Dans ce premier article (partie 1/3) : Je vous présente le contexte qui m’a amené à créer cette CLI, le défi technique posé par les network policies, et pourquoi j’ai choisi d’utiliser un assistant de code pour son implémentation.

Le contexte : SRE dans une plateforme Kubernetes

Dans ma mission actuelle, je travaille en tant que SRE sénior dans une équipe qui propose une plateforme pour l’hébergement d’applications développées en interne. Cette plateforme se base sur des clusters Kubernetes créés par Cluster API (entres autres, mais ça c’est une autre histoire).

Un jour, mon PO exprime le besoin d’ajouter une couche de sécurité au niveau réseau pour isoler les différents composants d’une application. Normal me direz-vous mais ayant tout à construire ces aspects avaient été mis au fond du backlog. Enfin bon, je m’attaque à l’Epic : ajouter des règles pour sécuriser les applications.

Mais au fait, c’est quoi une Network Policy Kubernetes ?

Network Policy : Dans Kubernetes, une Network Policy est un objet qui définit les règles de communication réseau entre les pods. Par défaut, tous les pods peuvent communiquer entre eux. Elles permettent ainsi de restreindre ces flux pour améliorer la sécurité que ce soit au niveau d’un namespace, entre plusieurs namespaces ou depuis / vers l’extérieur du cluster.

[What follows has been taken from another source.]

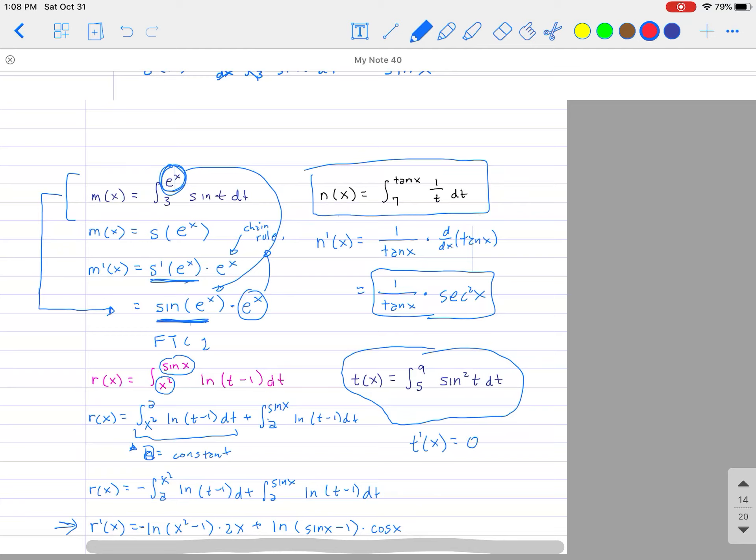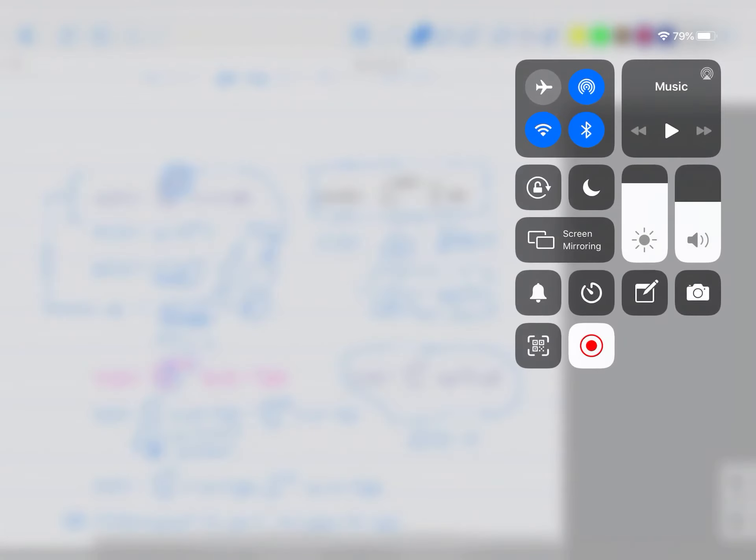Let's look at one more example: t'(x) where t(x) equals the integral from 9 to 5 of sin²(t) dt. This one is actually a trick question.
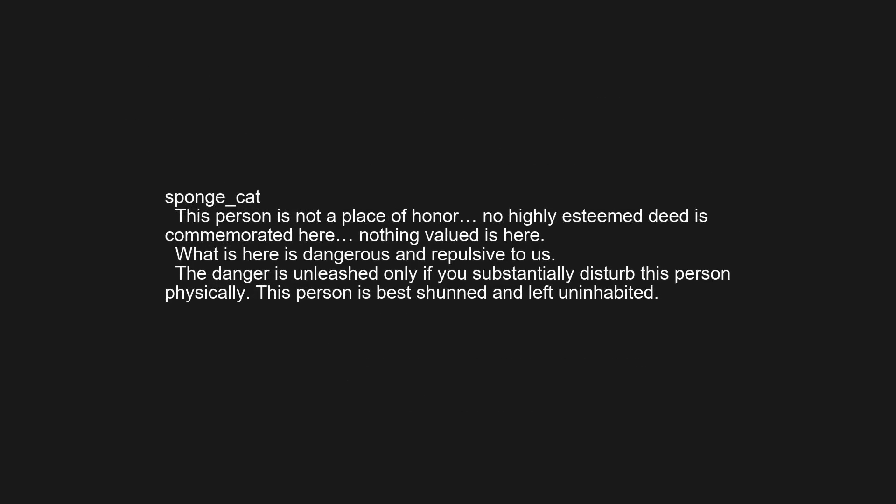This person is not a place of honor, no highly esteemed deed is commemorated here, nothing valued is here. What is here is dangerous and repulsive to us. The danger is unleashed only if you substantially disturb this person physically. This person is best shunned and left uninhabited.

Cilium : Cilium est une implémentation de Network Policies basée sur eBPF (extended Berkeley Packet Filter) qui offre des fonctionnalités avancées de sécurité réseau et d’observabilité. Cilium propose son propre format (CiliumNetworkPolicy) avec des capacités étendues par rapport à celles de Kubernetes standard. Elles permettent d’autoriser des flux au niveau 3, 4 ou 7 en fonction des besoins. Par exemple, il est facile d’autoriser l’appel vers certains path au niveau d’une requête HTTP.

Matrice de flux : Document (souvent un fichier CSV ou Excel) qui recense tous les flux réseau autorisés entre les différents composants d’une application : qui peut communiquer avec qui, sur quel port, quel protocole, etc. Cette matrice doit refléter tous les flux réseaux qui sont nécessaires au bon fonctionnement de l’application mais aussi tous les outils que nous mettons en place pour son observabilité ou son déploiement. Historiquement, ce document était généralement pris en charge par les équipes réseaux pour configurer les pare-feux.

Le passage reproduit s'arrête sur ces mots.